Data for August from Uttar Pradesh's Pollution Control Board shows that pollution in Varanasi is up by over 10 per cent compared to August last year.
"Now I'm realising what pollution is. I breathe heavy and cough all day," says Lav Singh, a 45-year-old traffic constable who has been on active traffic duty for five years now.
The administration in this VVIP constituency claims that after last year's air pollution figures, they have spent crores of rupees to improve traffic and reduce dust. A Rs 737 crore scheme called Sanyojit Kashi, under the central government's smart city plan, was launched to improve public transport and put a traffic management plan in place.
Work on a 100-crore project for traffic lights at 61 city intersections is likely to get underway in a month. But the reality right now is this - some traffic lights installed in 2013 at 10 intersections at a cost of Rs 1.5 crore are defunct. Roads are dug all around, leading to more dust. All the digging is part of a Rs 432 crore underground cabling project started last year that is already running very late, despite claims from the district administration.

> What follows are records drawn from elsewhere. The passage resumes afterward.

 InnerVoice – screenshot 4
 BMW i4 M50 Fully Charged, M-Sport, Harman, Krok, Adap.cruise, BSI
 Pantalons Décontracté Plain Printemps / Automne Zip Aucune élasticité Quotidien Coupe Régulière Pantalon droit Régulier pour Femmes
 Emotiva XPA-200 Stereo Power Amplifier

"The city has been taken under the Smart programme. A lot of underground cabling is going on. The timeline was October 31 but it will take till November 15. The real transformation will come after that. Because of Durga Puja many areas were dug up. That's why our lights are not working. We will get them up in a day or two. A lot of our work, at least 85 per cent has been done," says Yogeshwar Ram Mishra, Lucknow's District Magistrate.

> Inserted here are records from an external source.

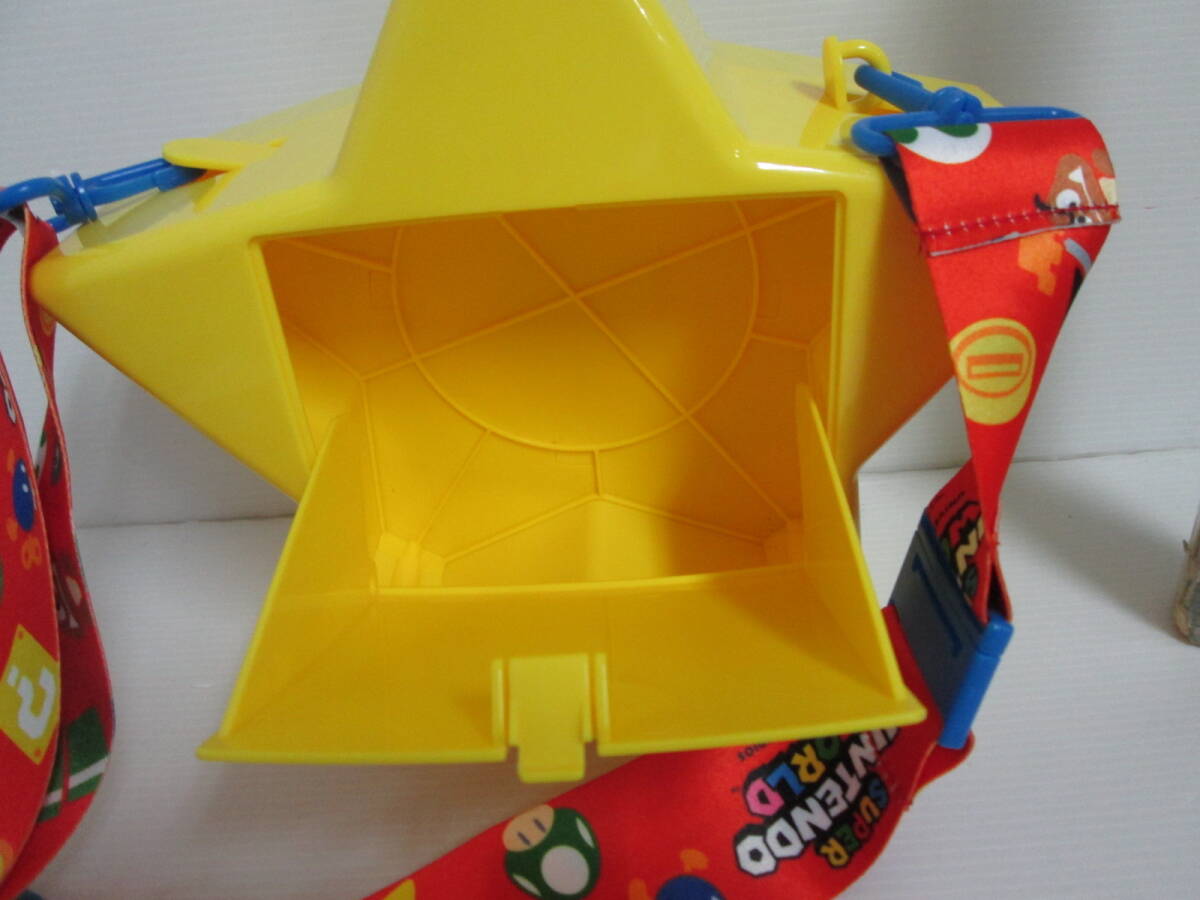 USJ super Mario Star Popcorn bucket postage commodity explanation column . chronicle 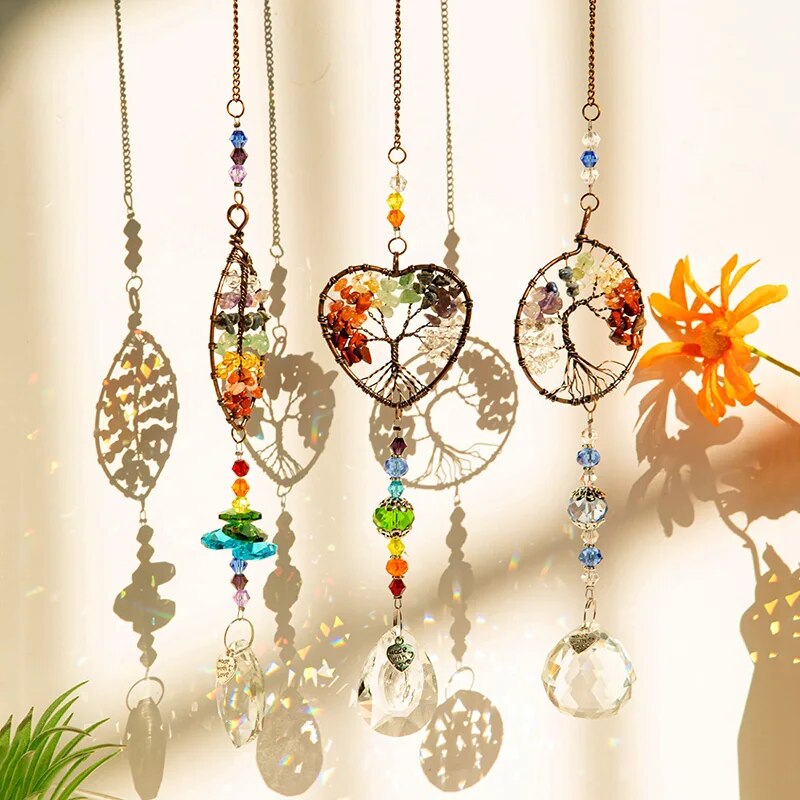 1pc Colorful Original Stone Tr - Outdoor Lighting Pendant ulasan dan harga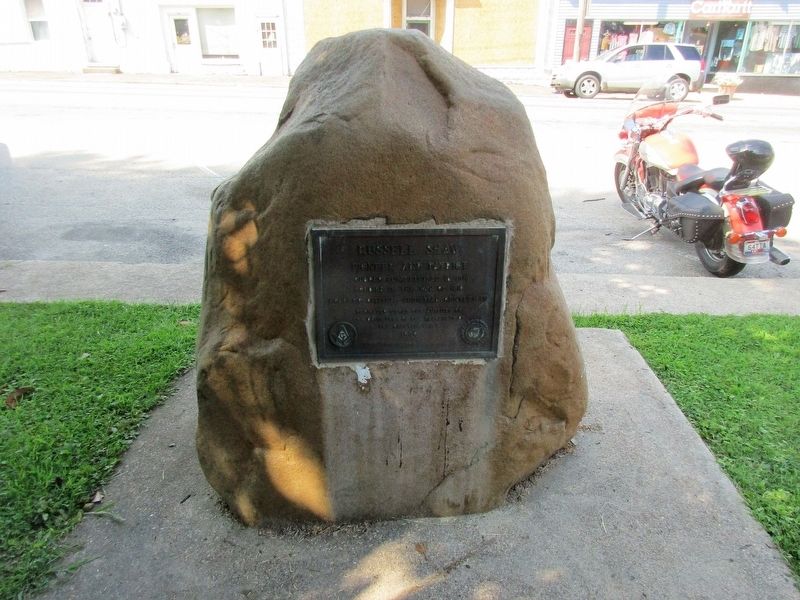 Russell Shaw Marker. Click for full size. Russell Shaw Marker image. Click for full size.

And monitoring pollution itself is not being done on priority - although the UP government has monitors in five places in Varanasi, it doesn't report PM 2.5 levels - the really microscopic particles which easily enter your lungs with possibly devastating impact. The central monitoring agency has only one monitor.
In the last three to four days, levels have begun to spike. According to a 2010 study by IIT Kanpur, vehicles and dust from dug up roads contribute to 36 per cent of the dangerous PM 10 pollutants in the city's air. Industries around the city add another 26 per cent. Garbage and domestic fuel burning contribute another 24 per cent.